Las Cruces-based state Sen. Mary Kay Papen, D, who chairs a 42-member legislative oversight panel for the New Mexico Finance Authority, said she knew the two employees arrested and accused Wednesday in connection with falsifying the agency’s yearly audit report, as well as Rick May, the chief executive officer who was suspended with pay Thursday but hasn’t been charged with a crime.
“I’ve known all of them, and I know most of the staff (at NMFA) and have had nothing but good cooperation with them,” she said.
Papen said she knew John Duff, the chief operating officer who has been charged, better than she did Greg Campbell, the agency’s former controller who reported to Duff. She described Duff as “unbelievably qualified.”
“I’ve always thought he was very professional, so I want to make sure we’re not just going on a witch hunt,” she said.
May, a former state Department of Finance official, hadn’t been at the helm of the agency long, but, “I liked him. I worked well with him,” Papen said.
In the first 11 months of 2011-12, the NMFA issued about $302 million in loans to public bodies across the state, according to a report from the entity.
The New Mexico Finance Authority Oversight Committee is made up of House and
Senate members. It meets in between annual legislative sessions, holds field hearings for updates on Finance Authority-funded projects and proposes new laws. It’s different from the NMFA board, made up of a number of Gov. Susana Martinez appointees, that runs the agency.
Papen said she’s “distressed” about the situation, but the most important task now is gaining an accurate picture of the agency’s finances — something that should happen with heavy scrutiny from three directions. The state auditor, the NMFA board and the Legislative Council Service are all launching reviews, she said. She’s hoping the process is “transparent” and that the entities independently reach similar conclusions.
The NMFA’s “reputation has certainly taken a hit, but what I’m hoping is that, once they’ve done a complete and new forensic audit, it will show there’s no money missing,” Papen said.
“From what we’ve seen, it has appeared to us that they run a good ship,” she said. “If there’s some mis-steering of the ship, we need to correct that; we don’t want a Titanic.”
State Rep.
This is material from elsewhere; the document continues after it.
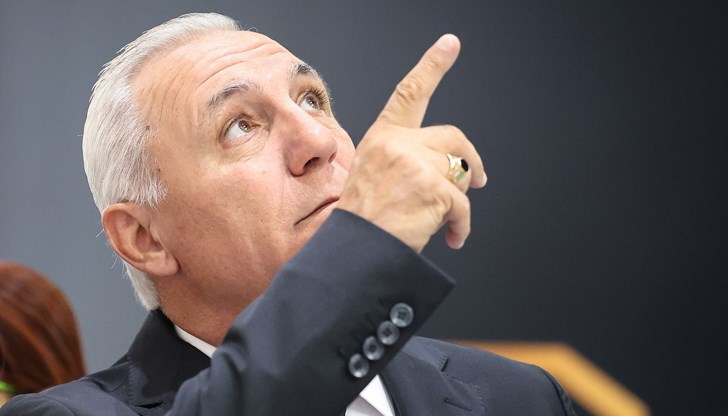 Ти си един от най-големите приятели на българския футбол!, заяви Стоичков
Andy Nuñez, I-Hatch, too, acknowledged that any problems hidden by the audit could range from minor to serious.
“But we need to get to the bottom of it, because if not, our bond ratings are going to down,” said Nuñez, also a member of the oversight panel.
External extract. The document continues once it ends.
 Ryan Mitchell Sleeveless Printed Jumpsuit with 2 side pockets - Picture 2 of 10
The Finance Authority gets money from New Mexico sales tax revenue and lends it at low interest rates to cities, counties and other public bodies for infrastructure projects and equipment. The debt is sold to investors.
Papen said the authority’s bond rating has been “stellar” so far, which helps it offer the low-cost loans. A lower bond rating would make loans more costly, she said.
Papen said she’d fielded inquiries from some concerned investors whose portfolios contain Finance Authority-issued bonds. But she said the problems within the agency now shouldn’t affect any past bonds.
In 2011-12, the Finance Authority loaned $964,000 for two new fire pumper trucks and $1 million for solid waste equipment to the city of Las Cruces, according to a list of projects from the agency.
“I just hope we end up with a clean bill of health. And if we don’t, I hope we do what it takes to come up with a clean bill of health,” Papen said.